To quantitate binding/pausing of THP-1 cells on an activated or pretreated endothelial cell monolayer I initially developed a track analyzer for TrackMate (http://imagej.net/TrackMate). This analyzer is written in Java and takes advantage of the SciJava plugin framework enabled in TrackMate and Fiji. To use this analyzer to TrackMate, add the TrackSpotDwellingAnalyer-0.0.1-SNAPSHOT.jar to the plugins folder of your Fiji installation. When TrackMate loads it will automatically install this analyzer.

Brief description of use

After installing the .jar file, open your image file containing the data to be tracked. TrackMate’s segmentation strategy work better with positive contrast images (white on black)-invert if necessary (Edit->Invert). Launch TrackMate and begin by segmenting the THP-1s, a LoG detector is a good place to start for medium size objects. Blob diameter can be assessed empirically with the preview function. For poor contrast images and THP-1s at ~20x start at 15 px and a threshold of 250 with the median filter and subpixel localization on. Use the preview to visualize what objects/THP-1s are included or ignored.

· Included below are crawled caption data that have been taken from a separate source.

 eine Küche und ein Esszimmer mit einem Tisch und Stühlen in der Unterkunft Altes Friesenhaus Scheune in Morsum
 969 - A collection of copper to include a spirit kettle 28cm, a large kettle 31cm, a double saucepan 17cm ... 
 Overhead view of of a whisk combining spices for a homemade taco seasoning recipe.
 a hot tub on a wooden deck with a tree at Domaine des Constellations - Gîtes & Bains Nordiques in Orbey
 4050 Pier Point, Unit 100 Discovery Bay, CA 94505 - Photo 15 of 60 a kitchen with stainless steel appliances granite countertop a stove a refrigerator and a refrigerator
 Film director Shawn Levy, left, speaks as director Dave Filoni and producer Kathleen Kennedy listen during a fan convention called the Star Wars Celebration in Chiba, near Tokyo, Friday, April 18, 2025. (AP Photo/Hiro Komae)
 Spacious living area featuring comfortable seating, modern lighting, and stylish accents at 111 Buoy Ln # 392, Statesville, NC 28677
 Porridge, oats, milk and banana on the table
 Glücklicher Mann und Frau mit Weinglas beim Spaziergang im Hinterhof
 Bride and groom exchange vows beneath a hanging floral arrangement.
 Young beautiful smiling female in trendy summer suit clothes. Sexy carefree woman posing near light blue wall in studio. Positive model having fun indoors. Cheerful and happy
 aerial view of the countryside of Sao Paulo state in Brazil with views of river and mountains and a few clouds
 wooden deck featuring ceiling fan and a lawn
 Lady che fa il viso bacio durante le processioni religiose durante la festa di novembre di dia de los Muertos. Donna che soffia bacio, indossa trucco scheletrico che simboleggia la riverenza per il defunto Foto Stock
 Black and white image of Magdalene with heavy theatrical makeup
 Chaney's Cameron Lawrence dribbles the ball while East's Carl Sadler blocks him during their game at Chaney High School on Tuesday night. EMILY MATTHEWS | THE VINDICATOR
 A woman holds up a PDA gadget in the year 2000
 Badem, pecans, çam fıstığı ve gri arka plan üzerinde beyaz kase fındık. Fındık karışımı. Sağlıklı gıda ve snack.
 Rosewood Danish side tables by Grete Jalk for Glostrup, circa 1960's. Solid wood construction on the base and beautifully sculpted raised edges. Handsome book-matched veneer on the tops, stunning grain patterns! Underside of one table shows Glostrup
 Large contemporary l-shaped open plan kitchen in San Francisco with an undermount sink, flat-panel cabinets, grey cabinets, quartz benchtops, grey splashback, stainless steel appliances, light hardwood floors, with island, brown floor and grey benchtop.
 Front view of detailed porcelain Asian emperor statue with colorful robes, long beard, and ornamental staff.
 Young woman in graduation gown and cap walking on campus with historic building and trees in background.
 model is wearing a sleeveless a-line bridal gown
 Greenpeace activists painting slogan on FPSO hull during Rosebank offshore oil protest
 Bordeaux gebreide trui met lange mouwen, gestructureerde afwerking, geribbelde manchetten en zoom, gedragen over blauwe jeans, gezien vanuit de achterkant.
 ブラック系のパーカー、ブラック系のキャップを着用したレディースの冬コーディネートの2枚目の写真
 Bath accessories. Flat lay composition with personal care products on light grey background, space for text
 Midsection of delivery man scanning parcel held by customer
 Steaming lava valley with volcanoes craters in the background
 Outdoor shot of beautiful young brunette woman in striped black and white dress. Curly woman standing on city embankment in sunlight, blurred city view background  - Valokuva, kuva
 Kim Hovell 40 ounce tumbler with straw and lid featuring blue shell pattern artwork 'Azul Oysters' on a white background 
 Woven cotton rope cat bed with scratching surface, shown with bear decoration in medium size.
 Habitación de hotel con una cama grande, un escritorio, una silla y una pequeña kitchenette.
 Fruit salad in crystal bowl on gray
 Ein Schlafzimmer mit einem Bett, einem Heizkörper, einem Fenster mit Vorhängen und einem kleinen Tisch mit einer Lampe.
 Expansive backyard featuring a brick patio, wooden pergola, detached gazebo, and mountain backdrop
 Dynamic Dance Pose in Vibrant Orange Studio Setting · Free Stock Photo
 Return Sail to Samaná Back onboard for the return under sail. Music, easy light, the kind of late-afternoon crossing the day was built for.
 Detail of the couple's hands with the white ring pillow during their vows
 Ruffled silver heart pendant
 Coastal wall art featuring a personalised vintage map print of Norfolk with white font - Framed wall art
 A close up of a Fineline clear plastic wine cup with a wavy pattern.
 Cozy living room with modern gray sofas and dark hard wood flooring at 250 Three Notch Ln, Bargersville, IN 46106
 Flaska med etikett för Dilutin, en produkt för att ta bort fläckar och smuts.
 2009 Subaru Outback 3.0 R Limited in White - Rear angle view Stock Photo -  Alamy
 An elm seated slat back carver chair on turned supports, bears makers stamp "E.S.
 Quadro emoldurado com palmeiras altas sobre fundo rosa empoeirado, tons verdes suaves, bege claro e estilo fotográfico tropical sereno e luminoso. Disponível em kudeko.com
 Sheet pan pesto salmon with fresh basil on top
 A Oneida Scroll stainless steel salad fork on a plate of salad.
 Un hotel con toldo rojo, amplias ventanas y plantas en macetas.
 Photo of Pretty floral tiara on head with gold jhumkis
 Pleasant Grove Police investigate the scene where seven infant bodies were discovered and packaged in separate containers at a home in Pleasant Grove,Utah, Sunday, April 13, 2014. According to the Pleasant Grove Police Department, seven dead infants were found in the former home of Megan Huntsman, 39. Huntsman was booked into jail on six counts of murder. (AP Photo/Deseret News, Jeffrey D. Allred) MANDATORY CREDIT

Trackmate will let you then threshold THP-1s by quality, I have yet to begin adjusting this, but it may improve the segmentation in the long run. View the objects with the “HyperStack Displayer”-takes a few moments to be ready. The next window includes an interface to filter the spots to further improve the included objects. This is another area I have not exploited for this application-may be worth trying in the future.

The Tracking step is next. I have been using the “Simple LAP Tracker”. I chose this one as it excludes splitting and joining and the other options are too liberal or have poor perspective (only look between two frames). I’m hoping to replace this step with a version of the “Simple LAP Tracker” that takes into account two things, tracks cannot be created nor lost mid image( except at t0) and that all tracks must move left to right. I’ve yet to finish this implementation, but it is where we can make a substantial improvement. The Linking and Gap-closing max distance are both at 15 px and max frame gap of 0. As before I don’t apply any filters to the tracks as defined.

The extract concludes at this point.